それからわたしの手は離され、手は居場所を失い、気まずそうにわたしのひざの上に戻ってきた。手に居場所などと常日頃から考えているわけではないが、その時はほんとうにそう思ったのだ。手の居場所。足の居場所。どこだ。意識しすぎると動きがぎこちなくなり、自分のものなのに借り物のような気がしてならない。わたしは時々、歩き方や声の出し方も忘れるのだ。自分の体の感覚が、意識すればするほど遠くなる。生まれながらに手足がなかったり、なんらかの理由で手足をなくした人は幻肢を通して、ない手足を感じることがあるそうだが、その逆のような感覚かもしれない。あるのに、ないように感じる。

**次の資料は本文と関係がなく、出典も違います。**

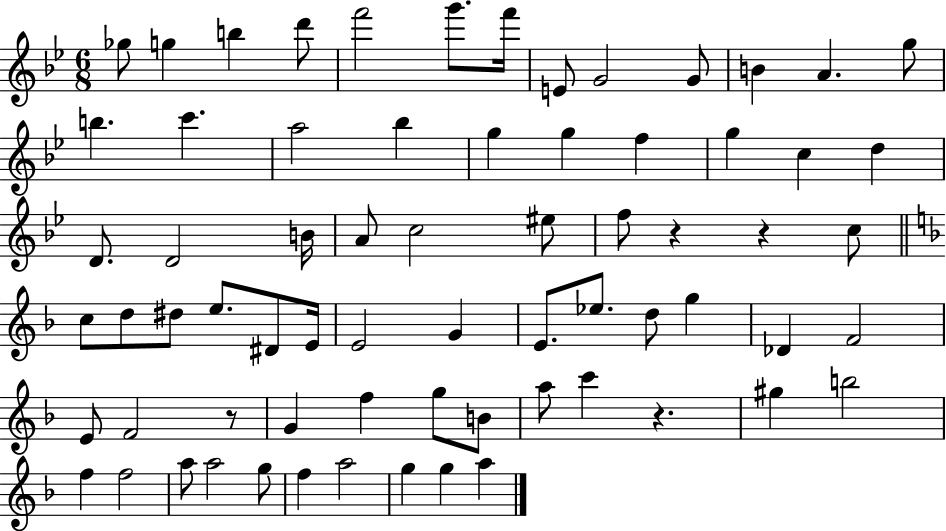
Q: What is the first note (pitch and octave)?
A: Gb5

両手のてのひらを上に向け、握ったり、開いたりしてみせる。

また分からなくなったの?
そう
手、ちゃんと動いてるよ
今わたしは頭の中で手を握る、開くと考えてるのがちゃんと伝わってる
それってなんかすごく変

その人に初めて会った時、なんでか知らないけれどそういった話になって、わたしは分からないんですと素直に話した。その時もその人は「それってなんかすごく変」と言ったし、わたしがするようにして手を握ったり、開いたり、思いきりぎゅっと握ったりして自分の手というものの存在を確かめていた。それで、ごめん、やっぱり分からないやと諦めて言った。わたしもその話をするのはもう諦めて、天気とか、趣味とか、好きな食べ物とかの他愛もない話をした。他愛のない話は人と人をうまく繋いでくれるとその時はじめて認識した。そう思えば他愛のない話も苦痛ではない。沈黙より。理解できないことに互いに頭を悩ますより。

その人は今度はわたしのひざに手をのせ、あたたかい?と聞いた。あたたかい。でもあたたかいかどうかって、ひとつでは分からないと思わない?何かと何かが触れ合っている間にだけあたたかさが生まれる。それで、その何かと何かは互いに生きていないといけない。生と死のあいだでは、あたたかさは生まれないんだよ。だからあたたかいと感じられたら生きているんだし、そのことにはっきりとした理由は別になくていいよ。

話しながらその人の手は、わたしのひざに触れたり、離したりしている。あたたかい、何も感じない、あたたかい、何も感じない、あたたかい。確かに触れている時だけは間違いなく熱が発生している。話を聞いても、あたたかさを感じてもわたしの頭の中ではまだぴんときてはいなかったけど、あたたかさを感じる自分だけはどうしても疑うことができなかった。あたたかさには信じるもなにもない。ただあたたかいと感じられる心があって、あたたかさは事実だった。